Regulation
The European MiCA is finally here. How will the United States react?
On Sunday, the first wave of the European Union’s historic and comprehensive digital asset law will come into force. With the regulatory framework for cryptoasset markets, Europe has managed to do what other jurisdictions, including the United States, still avoid: bring legal and regulatory clarity not to one part of the digital asset market, but to the entire market.
Catalysed by the spectre of Big Tech entering financial markets, such as Meta’s Diem (formerly Libra) initiative, or by fears of an uncontrolled cryptocurrency, the last five years have seen a concerted policy development in Europe. MiCA will have the profound effect of permanently connecting digital assets and the real economy, and in a uniquely European way.
Dante Disparte is the Chief Strategy Officer and Head of Global Policy at Circle.
The opinions expressed in this column are those of the author and do not necessarily reflect those of CoinDesk, Inc. or its owners and affiliates.
During the first decade of cryptocurrency, much of the industry was characterized by a recurring and exorbitant boom-bust cycle that, in many ways, made it a quintessentially American market. As a result, the U.S. dollar is not only the pricing benchmark for digital assets (thanks to the steady rise of stablecoins, which now exceed $150 billion), but also the reserve currency of internet finance, to the extent that it plays that role in the real world. MiCA aims to solve this problem by giving euro-denominated stablecoins, which will be classified as e-money tokens under the new EU rules, a chance of success and a consumer market of 441 million people.
While some aspects of MiCA are protectionist in nature, rooted in protecting European consumers and investors from the fraud and risks that have plagued rapidly evolving crypto markets, there is also a degree of economic and technological sovereignty at stake. This is particularly evident in the way offshore stablecoins – diplomatically called global stablecoins – are not permitted under MiCA. Stablecoins pegged to other currencies must first comply with e-money licensing requirements in Europe, which would involve compliance with prudential, financial crime compliance and other rules. If the stablecoin issuer offers other crypto-asset services, it must obtain a second license – either as a digital asset service provider (DASP), virtual asset service provider (VASP) or crypto asset service provider (CASP), depending on the jurisdiction. This requirement constitutes a basic level of compliance for the custody of digital assets. Beyond these licensing requirements, the days of amorphous crypto companies without a substantial presence in the EU are over.

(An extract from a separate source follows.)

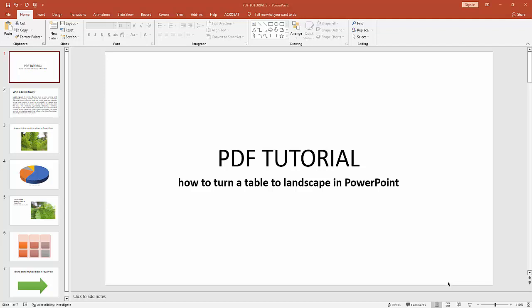Hello everyone, welcome back to my channel. In this video, I'm going to show you how to turn a table to landscape in PowerPoint. Without further ado, let's get started. First, you have to click New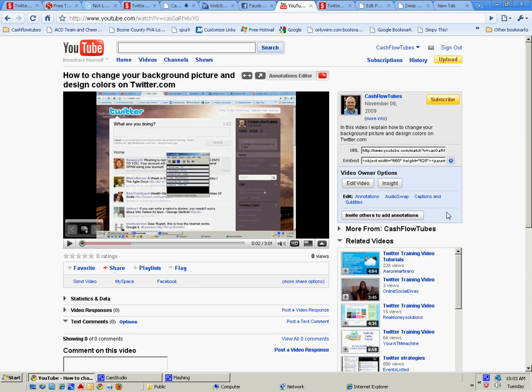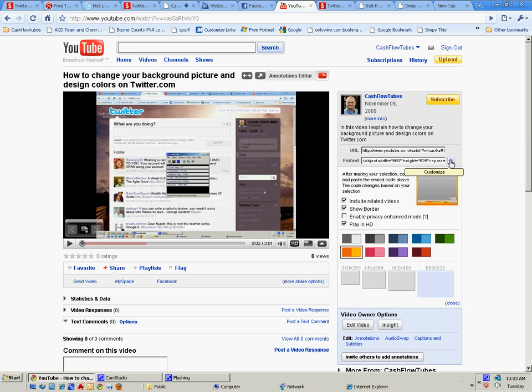A lot of people really don't know about this little function YouTube offers. Anyway, after you've uploaded your video and you have it the way you want it, you can come to this little customize button right here.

Indeed, MiCA is as much about job creation and economic competitiveness as it is about consumer and market protection. Authorised entities must have responsible “direction and management” in an EU jurisdiction, which then allows them to extend their operations across the federation thanks to pan-European regulatory harmonisation – although national regulators still have some way to go to ensure that MiCA enters into force smoothly across the common market.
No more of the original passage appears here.